> [What is expected]: Only the lines from the one containing "Fregona Pequeña para" to the end of the listing below should be returned, exactly as written and without pictures.

> [Information shown]:

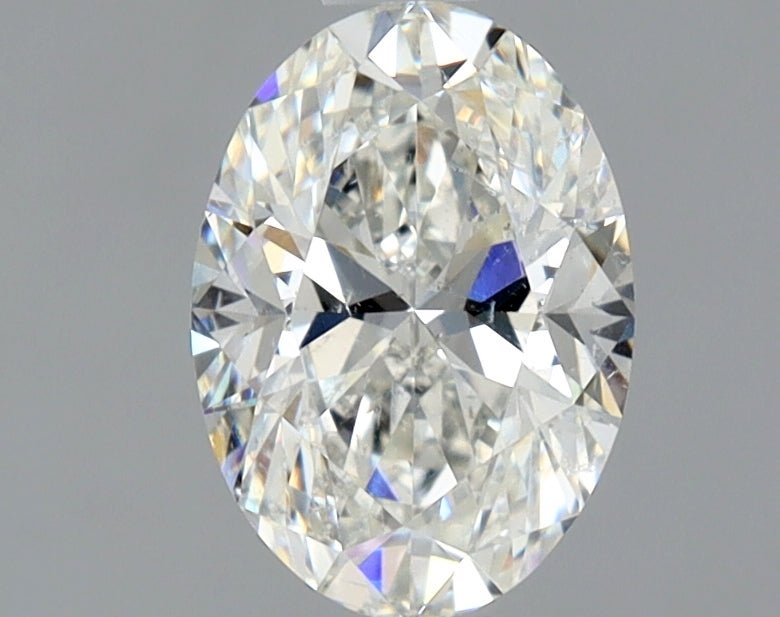 1 Carat Oval - Natural Diamond - 1 - G - SI2 - EX - VG - Diamonds By Rothschild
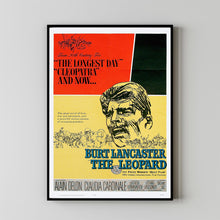 THE LEOPARD Movie Poster, Canvas Wall Art, Room Decor, Movie Art 1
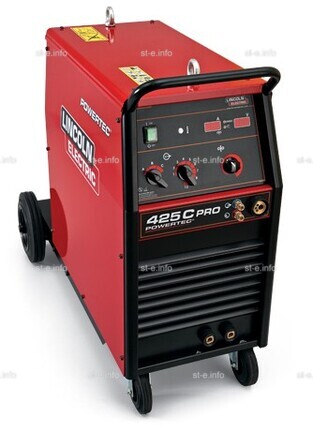 Полуавтомат Lincoln Electric Powertec 425C PRO для сварки - st-e.info - Магнитогорск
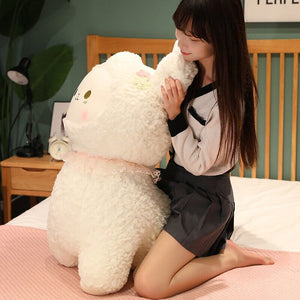Sweet Fluffy Standing Lamb Family-Kawaii Dream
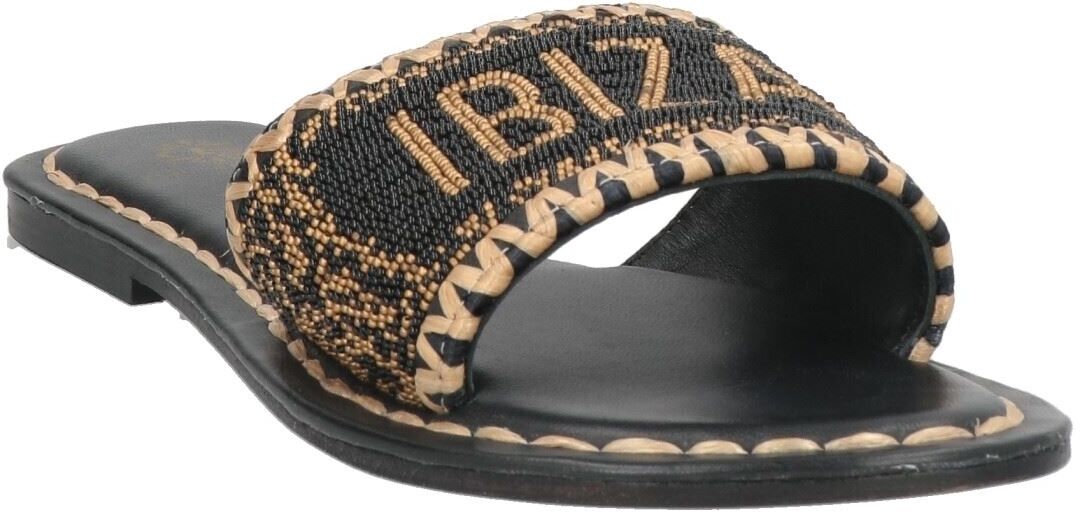 De Siena Sandalias Mujer Negro 41 Mujer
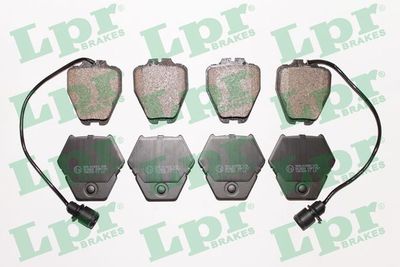 Brake Pad Set, disc brake LPR 05P1767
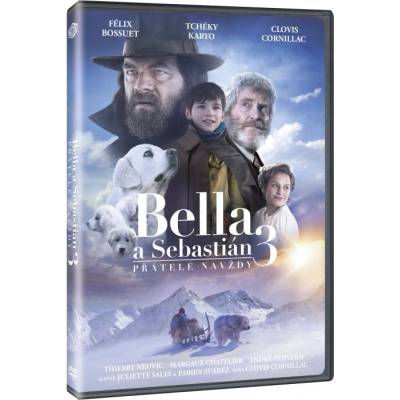 MagicBox Бел и Себастиан: Приятели завинаги - dvd (024341)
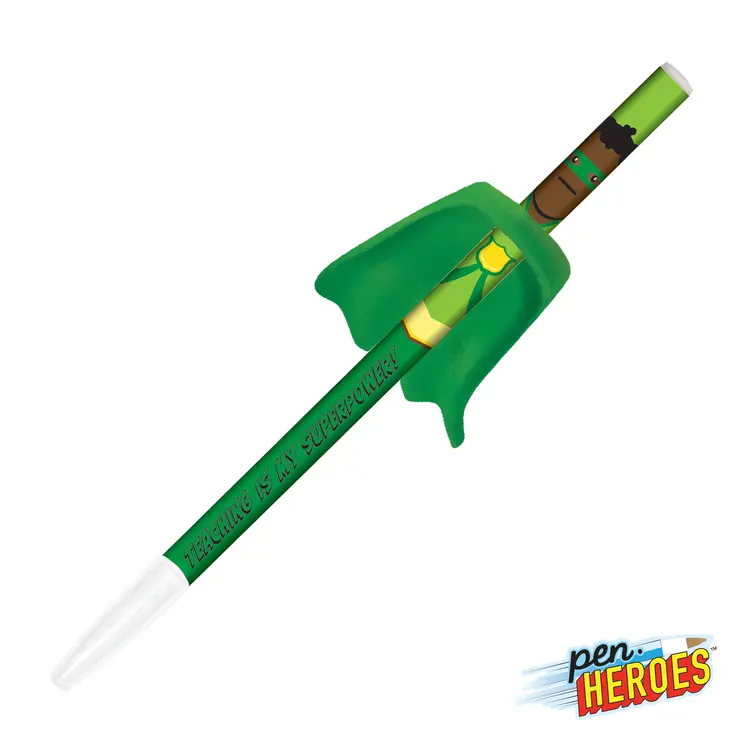Stylo Pen Heroes Superhéros pour homme avec cape #3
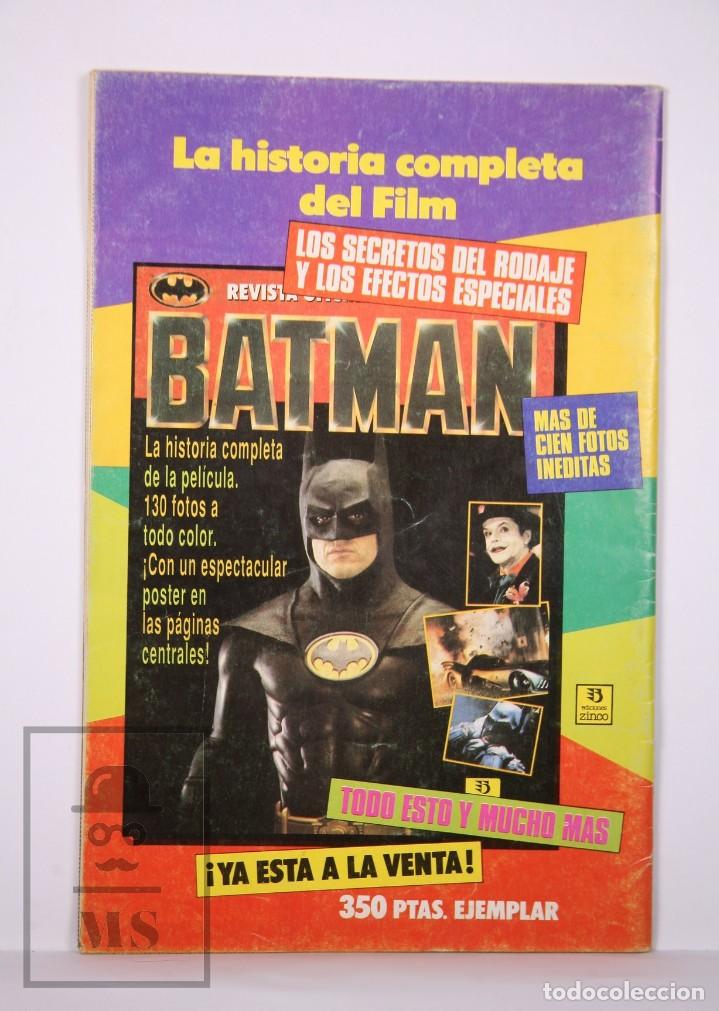 C&oacute;mics: C&oacute;mic Universo de Flash. N&ordm; 9 - DC C&oacute;mics / Zinco, A&ntilde;os 90 - Foto 3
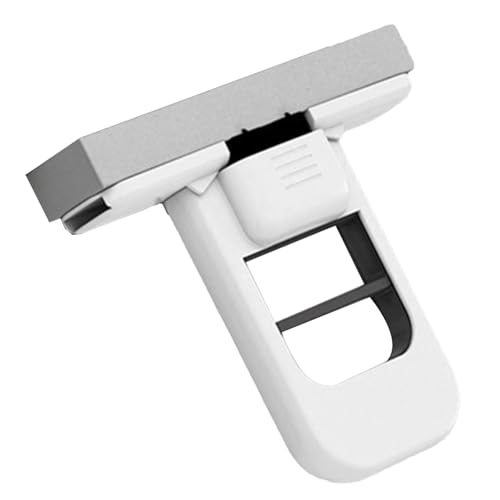 Fregona Pequeña para Baño | Limpiador De Suelos con Escurridor | Portátil para Parquet, Escritorio, Cocina, Baño, Espejos, Ventanas, Coche y Mascotas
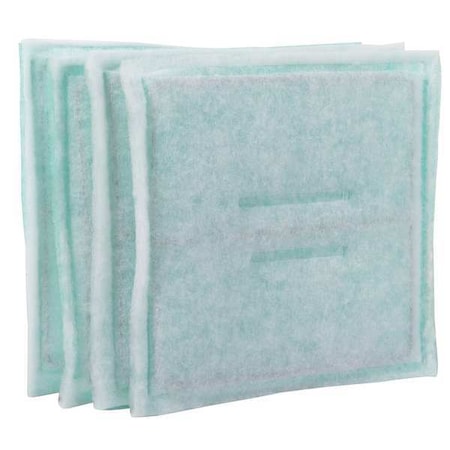 Extract-All Air Cleaner Filter, 12x12x1", 4 pk. RF-DD1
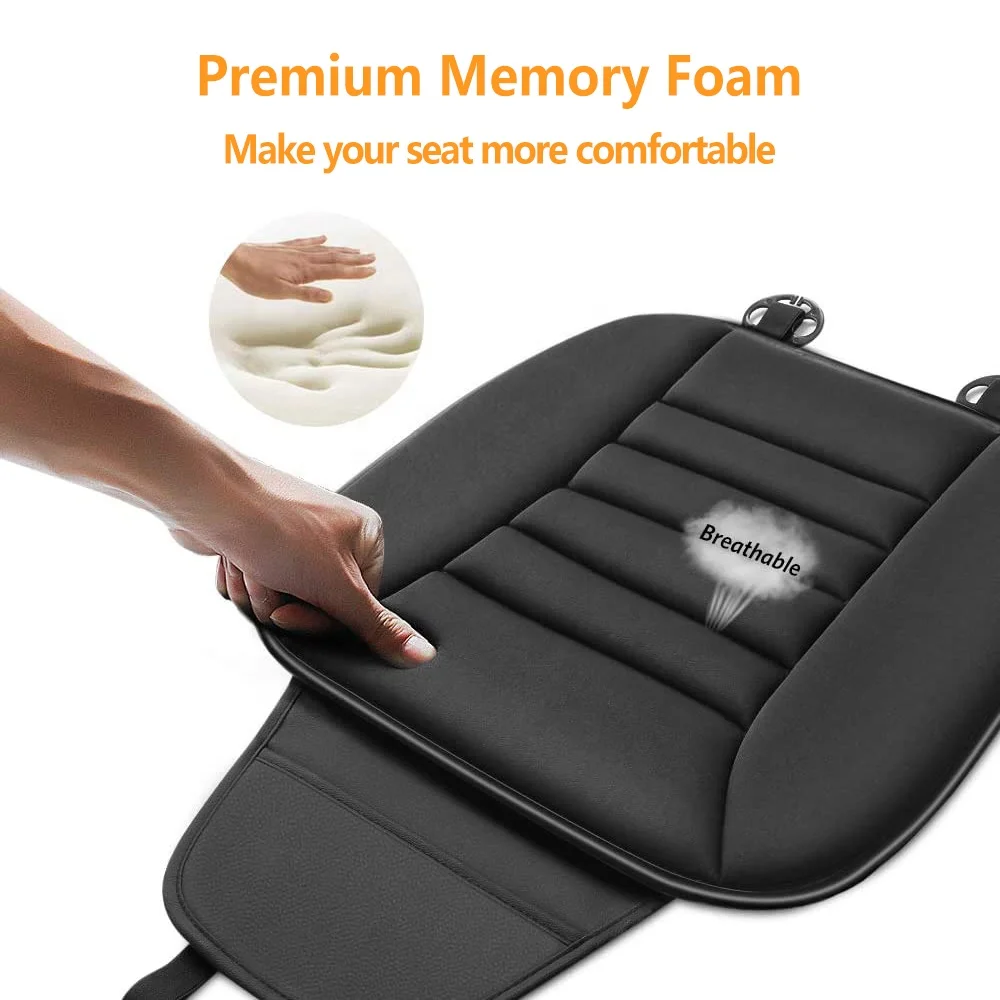 Marcan Factory Sale Driver Seat Cover Memory Foam Car Seat Cushion Pad Seat Protector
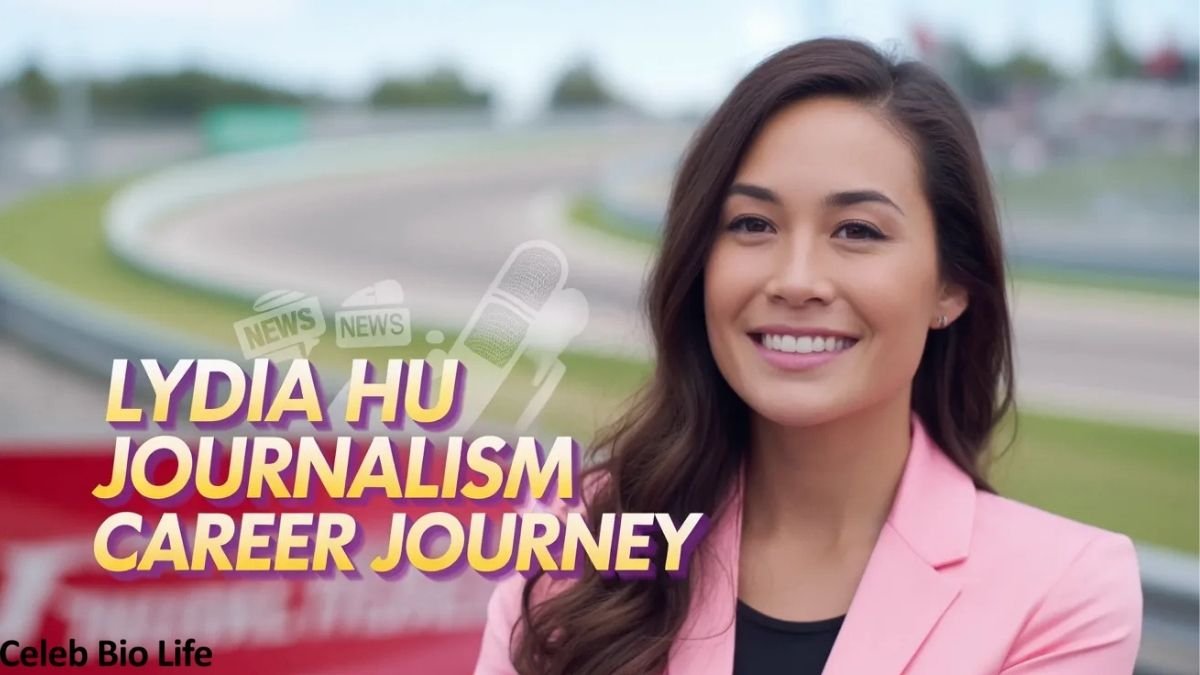 Lydia Hu journalism career portrait.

> [Exercise answer]:
 Fregona Pequeña para Baño | Limpiador De Suelos con Escurridor | Portátil para Parquet, Escritorio, Cocina, Baño, Espejos, Ventanas, Coche y Mascotas
 Extract-All Air Cleaner Filter, 12x12x1", 4 pk. RF-DD1
 Marcan Factory Sale Driver Seat Cover Memory Foam Car Seat Cushion Pad Seat Protector
 Lydia Hu journalism career portrait.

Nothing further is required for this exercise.